=== EXERCISE DESCRIPTION ===
From the data that follows, print exactly the lines starting at the one containing "Розетка 3-местная б/з" and ending at the one containing "Printed Lurex Top - Black"; include both of them and nothing more.

=== DATA TO EXAMINE ===

---+---

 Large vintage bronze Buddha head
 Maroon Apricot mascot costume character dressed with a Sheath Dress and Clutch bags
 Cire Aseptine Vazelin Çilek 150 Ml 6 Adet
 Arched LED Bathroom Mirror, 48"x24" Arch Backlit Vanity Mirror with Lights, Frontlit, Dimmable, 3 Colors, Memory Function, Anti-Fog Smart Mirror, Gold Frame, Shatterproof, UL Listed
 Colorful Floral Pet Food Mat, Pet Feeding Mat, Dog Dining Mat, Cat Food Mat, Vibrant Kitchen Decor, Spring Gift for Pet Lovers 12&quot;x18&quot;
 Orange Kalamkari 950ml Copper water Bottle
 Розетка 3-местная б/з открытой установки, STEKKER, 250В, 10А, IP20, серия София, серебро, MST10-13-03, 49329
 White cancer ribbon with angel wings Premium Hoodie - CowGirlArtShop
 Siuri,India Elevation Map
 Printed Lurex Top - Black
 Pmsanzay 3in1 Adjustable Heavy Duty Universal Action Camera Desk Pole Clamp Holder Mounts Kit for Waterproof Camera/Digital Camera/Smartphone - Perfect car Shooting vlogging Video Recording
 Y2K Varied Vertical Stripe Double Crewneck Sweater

---+---

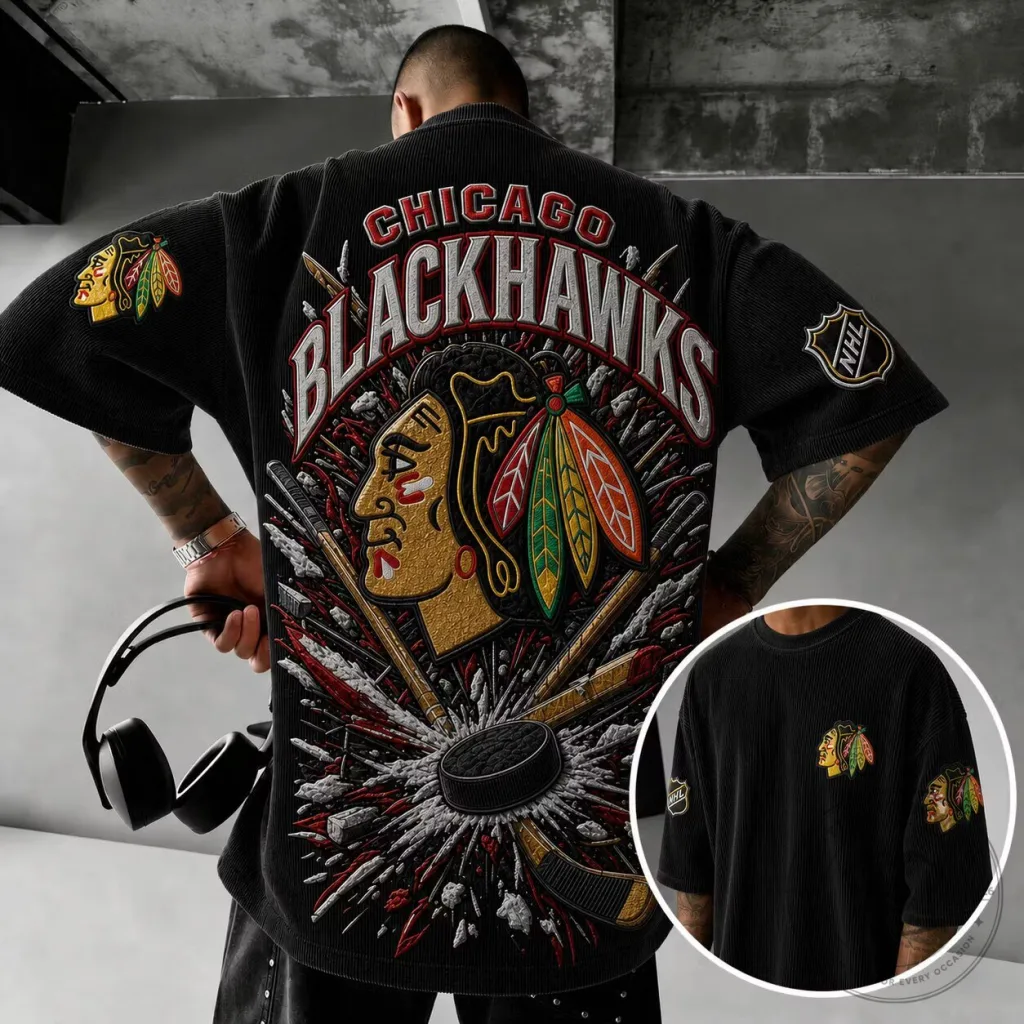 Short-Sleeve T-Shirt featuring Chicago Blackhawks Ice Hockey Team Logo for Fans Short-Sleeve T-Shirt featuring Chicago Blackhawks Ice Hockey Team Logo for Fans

---+---

=== SOLUTION FOR THIS TASK ===
 Розетка 3-местная б/з открытой установки, STEKKER, 250В, 10А, IP20, серия София, серебро, MST10-13-03, 49329
 White cancer ribbon with angel wings Premium Hoodie - CowGirlArtShop
 Siuri,India Elevation Map
 Printed Lurex Top - Black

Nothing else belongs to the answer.